期刊名称:International Journal of Advanced Computer Research
印刷版ISSN:2249-7277
电子版ISSN:2277-7970
出版年度:2012
卷号:2
期号:7
页码:157-161
出版社:Association of Computer Communication Education for National Triumph (ACCENT)
摘要:From the advent of association rule mining, it has become one of the most researched areas of data exploration schemes. In recent years, implementing association rule mining methods in extracting rules from a continuous flow of voluminous data, known as Data Stream has generated immense interest due to its emerging applications such as network-traffic analysis, sensor-network data analysis. For such typical kinds of application domains, the facility to process such enormous amount of stream data in a single pass is critical. Nowadays, many organizations generate and utilize vast data streams (Huang, 2002). Employing data mining schemes on such massive data streams can unearth real-time trends and patterns which can be utilized for dynamic and timely decisions. Mining in such a high speed, enormous data streams significantly differs from traditional data mining in several ways.
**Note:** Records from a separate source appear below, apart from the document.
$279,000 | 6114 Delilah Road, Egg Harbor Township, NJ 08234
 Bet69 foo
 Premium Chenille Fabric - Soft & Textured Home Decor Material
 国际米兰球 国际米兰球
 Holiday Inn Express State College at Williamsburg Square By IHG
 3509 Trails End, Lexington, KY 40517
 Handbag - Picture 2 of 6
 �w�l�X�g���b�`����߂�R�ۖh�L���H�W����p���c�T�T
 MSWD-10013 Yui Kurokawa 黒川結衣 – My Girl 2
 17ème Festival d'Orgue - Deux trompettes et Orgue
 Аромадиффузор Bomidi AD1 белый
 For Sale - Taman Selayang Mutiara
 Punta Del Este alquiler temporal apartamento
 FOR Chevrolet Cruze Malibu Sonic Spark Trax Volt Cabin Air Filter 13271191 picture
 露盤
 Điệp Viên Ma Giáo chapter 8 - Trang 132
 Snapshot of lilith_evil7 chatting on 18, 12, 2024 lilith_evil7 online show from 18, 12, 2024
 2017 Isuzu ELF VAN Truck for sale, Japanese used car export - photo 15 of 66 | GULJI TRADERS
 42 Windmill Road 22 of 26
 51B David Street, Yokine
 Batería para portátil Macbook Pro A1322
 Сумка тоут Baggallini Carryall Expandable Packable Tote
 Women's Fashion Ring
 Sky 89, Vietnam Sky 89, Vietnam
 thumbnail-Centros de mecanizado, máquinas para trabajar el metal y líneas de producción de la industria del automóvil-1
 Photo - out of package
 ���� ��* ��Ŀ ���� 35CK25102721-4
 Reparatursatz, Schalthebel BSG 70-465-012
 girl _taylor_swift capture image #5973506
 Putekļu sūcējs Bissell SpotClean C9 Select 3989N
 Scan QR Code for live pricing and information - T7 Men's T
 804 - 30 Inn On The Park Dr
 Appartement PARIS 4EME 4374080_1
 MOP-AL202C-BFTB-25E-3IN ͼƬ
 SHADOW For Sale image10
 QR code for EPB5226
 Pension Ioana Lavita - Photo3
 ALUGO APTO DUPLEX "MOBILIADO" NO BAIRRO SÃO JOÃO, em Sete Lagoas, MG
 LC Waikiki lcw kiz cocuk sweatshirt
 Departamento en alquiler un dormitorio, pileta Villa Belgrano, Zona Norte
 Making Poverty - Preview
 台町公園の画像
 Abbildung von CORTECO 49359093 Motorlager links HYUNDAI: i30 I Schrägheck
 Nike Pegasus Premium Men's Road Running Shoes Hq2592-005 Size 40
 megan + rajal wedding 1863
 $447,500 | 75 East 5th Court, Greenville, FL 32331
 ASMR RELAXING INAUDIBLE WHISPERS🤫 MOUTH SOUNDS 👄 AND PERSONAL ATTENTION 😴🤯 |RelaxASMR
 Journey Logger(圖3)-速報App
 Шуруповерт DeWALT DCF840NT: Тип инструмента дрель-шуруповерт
Firstly, the response time of the mining algorithm should be as small as possible due to the online nature of the data and limited resources dedicated to mining activities (Charikar, 2004). Second, the underlying data is highly volatile and subject to change over period of time (Chang, 2003). Moreover, since there is no time for preprocessing the data in order to remove noise, the streamed data can have noise inherent in it. Due to all aforementioned problems, data stream mining is receiving increasing attention and current research is now focused on the efficient resolution to the problem cited above. Although, the field of data stream mining is being heavily investigated, there is still a lack of a holistic and generic approach for mining association rules from data streams. Thus, this research attempts to fill this gap by integrating ideas from previous work in data stream mining. This investigation focuses on the degree of effectiveness of using a probabilistic approach of sampling in the data stream together with an incremental approach to maintenance of frequent itemsets in a data stream environment. The following paper describes the design and experimentation conducted with a novel association rule mining algorithm that can be deployed on a high speed data stream.
关键词:Data stream; Association Rule mining; Frequent Patten data stream.